Le blog d'Archiloque

An EPUB tutorial for people who want to make their own ebooks

What it’s about?

I wanted to create some EPUB files for my own personal use, and I had to look at too many different documents to find the information I needed, so I decided to write the tutorial I would have had at the beginning.

This document covers the current 3.3 EPUB version. It mentions technical requirements and my understanding of the best practices. It is targeted at people with some technical background in current web technologies.

There are lots of different and incompatible EPUB tools, and this tutorial won’t cover everything (for example I won’t cover right management or digital signatures), so things can and will go wrong.

If you spot an error, or if I missed an important information, please contact me.

If you want to make some EPUB files with JavaScript or TypeScript, I created a library that may help you.

Time for a lore dump

Having a general sense of the format should make creating EPUB files less frustrating, which needs some background information, including some history.

Very few “not invented here”

When it’s possible, EPUB strongly relies on industry standards, or at least industry standards from when each decision has been taken[1], which means:

  • An EPUB is a ZIP file

  • The content relies on web technologies like HTML and CSS

  • The metadata use Dublin Core formats

  • There’s XML

This has two consequences:

  • The specification is very dry but not long, because it relies on other (and much longer) existing specifications

  • Creating simple EPUB files doesn’t require a lot of specific tooling because you can use existing libraries and applications even if they are not EPUB-aware.

Made in ancient times, for ancient hardware

Books can include lots of text and pictures. Creating ebook reading devices that are not high-end computers[2] means that giving access to the book content shouldn’t require reading the whole file at once or keeping all of it in memory.
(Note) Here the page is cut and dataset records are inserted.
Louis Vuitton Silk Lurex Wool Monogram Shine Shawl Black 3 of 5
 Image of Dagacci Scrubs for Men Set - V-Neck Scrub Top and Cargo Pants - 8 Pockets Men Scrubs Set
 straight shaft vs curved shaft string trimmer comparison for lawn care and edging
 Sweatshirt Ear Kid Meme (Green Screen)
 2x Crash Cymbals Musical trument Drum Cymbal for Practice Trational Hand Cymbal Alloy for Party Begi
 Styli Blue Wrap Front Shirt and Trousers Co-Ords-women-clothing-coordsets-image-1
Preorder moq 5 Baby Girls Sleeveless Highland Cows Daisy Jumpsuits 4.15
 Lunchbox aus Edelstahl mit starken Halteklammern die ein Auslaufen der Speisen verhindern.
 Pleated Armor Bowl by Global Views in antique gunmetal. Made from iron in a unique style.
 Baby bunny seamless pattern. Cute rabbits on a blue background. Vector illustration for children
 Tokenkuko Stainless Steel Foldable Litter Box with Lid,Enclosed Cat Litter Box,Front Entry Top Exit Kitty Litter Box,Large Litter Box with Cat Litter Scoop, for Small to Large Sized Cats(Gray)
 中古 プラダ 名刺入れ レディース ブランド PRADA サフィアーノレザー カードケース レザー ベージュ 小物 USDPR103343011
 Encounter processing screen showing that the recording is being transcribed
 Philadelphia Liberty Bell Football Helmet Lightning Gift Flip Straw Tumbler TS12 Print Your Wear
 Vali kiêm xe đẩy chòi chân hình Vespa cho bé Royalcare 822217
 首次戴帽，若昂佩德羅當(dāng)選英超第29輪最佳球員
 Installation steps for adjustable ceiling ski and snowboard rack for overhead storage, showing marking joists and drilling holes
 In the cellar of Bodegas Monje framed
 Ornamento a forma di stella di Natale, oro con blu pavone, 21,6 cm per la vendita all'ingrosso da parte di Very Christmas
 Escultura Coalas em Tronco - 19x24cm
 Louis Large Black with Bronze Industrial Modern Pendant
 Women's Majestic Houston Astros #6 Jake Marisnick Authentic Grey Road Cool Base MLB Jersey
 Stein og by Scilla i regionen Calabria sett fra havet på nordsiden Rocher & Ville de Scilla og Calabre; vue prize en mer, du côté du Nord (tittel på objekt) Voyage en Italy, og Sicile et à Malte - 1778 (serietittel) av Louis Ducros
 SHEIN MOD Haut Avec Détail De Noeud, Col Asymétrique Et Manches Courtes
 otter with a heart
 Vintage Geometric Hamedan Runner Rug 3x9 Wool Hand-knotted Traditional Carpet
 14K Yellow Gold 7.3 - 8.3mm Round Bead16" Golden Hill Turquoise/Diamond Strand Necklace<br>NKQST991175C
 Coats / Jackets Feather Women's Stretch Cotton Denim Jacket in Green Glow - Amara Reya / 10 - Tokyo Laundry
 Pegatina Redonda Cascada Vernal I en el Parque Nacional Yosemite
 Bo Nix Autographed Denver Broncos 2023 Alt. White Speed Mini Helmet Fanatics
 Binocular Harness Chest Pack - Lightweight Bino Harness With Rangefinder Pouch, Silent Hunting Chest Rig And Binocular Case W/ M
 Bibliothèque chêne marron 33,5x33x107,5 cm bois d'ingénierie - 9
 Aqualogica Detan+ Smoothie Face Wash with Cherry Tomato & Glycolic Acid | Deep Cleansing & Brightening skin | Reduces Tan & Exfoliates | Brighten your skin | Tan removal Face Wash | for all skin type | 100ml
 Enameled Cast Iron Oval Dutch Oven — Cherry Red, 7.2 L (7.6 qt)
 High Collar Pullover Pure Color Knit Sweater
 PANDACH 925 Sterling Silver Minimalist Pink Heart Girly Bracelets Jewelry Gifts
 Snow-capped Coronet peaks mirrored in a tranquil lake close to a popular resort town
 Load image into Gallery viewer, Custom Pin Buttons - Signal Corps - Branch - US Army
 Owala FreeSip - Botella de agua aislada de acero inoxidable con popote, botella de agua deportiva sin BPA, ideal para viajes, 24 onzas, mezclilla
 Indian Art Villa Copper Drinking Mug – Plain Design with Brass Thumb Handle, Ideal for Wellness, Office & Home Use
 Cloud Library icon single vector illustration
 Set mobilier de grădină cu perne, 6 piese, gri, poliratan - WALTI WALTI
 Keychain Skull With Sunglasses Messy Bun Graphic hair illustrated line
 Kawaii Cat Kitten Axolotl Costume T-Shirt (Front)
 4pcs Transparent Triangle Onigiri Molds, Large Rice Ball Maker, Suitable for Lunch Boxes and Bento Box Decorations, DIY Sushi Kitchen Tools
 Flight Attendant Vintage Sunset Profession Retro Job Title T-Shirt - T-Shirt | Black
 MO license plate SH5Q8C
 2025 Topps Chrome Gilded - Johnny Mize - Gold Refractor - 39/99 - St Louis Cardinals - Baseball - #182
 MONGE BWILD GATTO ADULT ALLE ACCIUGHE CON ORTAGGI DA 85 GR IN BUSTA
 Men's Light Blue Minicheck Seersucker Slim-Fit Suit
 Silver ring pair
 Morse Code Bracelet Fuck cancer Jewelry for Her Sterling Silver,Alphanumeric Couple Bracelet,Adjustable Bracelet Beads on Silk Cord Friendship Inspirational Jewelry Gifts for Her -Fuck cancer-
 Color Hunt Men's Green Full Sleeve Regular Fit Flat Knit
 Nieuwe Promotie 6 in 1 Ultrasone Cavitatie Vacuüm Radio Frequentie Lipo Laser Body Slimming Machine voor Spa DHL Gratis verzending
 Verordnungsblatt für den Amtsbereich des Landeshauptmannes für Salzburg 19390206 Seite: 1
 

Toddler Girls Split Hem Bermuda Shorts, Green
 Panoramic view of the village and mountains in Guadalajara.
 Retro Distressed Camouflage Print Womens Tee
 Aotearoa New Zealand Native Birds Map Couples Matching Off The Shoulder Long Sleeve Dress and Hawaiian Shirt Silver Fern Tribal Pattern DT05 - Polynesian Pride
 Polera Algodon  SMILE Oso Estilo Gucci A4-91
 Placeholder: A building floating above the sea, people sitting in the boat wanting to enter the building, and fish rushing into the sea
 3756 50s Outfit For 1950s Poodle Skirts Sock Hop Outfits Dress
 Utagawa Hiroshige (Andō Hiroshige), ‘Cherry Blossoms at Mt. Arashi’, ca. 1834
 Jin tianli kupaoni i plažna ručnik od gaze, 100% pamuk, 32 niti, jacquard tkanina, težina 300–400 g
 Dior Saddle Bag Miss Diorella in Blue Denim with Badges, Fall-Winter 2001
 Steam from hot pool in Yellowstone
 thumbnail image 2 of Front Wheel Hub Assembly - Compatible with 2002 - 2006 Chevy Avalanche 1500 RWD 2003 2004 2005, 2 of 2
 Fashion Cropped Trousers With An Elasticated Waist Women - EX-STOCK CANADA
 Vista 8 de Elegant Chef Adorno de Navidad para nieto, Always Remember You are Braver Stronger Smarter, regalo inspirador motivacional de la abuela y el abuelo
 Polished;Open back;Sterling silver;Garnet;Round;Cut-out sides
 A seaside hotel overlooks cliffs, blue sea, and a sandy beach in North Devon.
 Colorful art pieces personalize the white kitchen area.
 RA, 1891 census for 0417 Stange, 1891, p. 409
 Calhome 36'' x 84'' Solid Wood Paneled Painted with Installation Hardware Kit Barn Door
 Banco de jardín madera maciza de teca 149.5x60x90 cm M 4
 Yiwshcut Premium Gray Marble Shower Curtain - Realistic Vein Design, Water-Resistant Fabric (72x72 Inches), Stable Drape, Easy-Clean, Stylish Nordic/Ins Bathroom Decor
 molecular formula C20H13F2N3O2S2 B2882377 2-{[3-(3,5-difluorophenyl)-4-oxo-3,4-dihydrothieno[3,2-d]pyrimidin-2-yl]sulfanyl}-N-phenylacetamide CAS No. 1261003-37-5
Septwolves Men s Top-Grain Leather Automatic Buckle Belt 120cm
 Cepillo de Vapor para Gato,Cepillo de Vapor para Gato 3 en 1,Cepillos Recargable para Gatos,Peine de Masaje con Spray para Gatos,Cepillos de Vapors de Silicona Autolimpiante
As some of the people working on the standard care about this use case, it is taken into account, which has some consequences on the format.

XML, XHTML and namespaces

If you had to deal with web technologies, you probably heard about HTML.

XML and HTML are two descendants of the same technology called SGML, which gave them a strong family look.

HTML, and especially HTML as used by browsers, can deal with syntax errors. The goal is to be able to browse websites even if their creators made mistakes.

XML syntax is simpler and stricter, which is bad for people making errors, but good for software developers. It’s because it means that this aspect of tooling can be simpler: you can expect the provided documents to have the right format and stop at the first issue.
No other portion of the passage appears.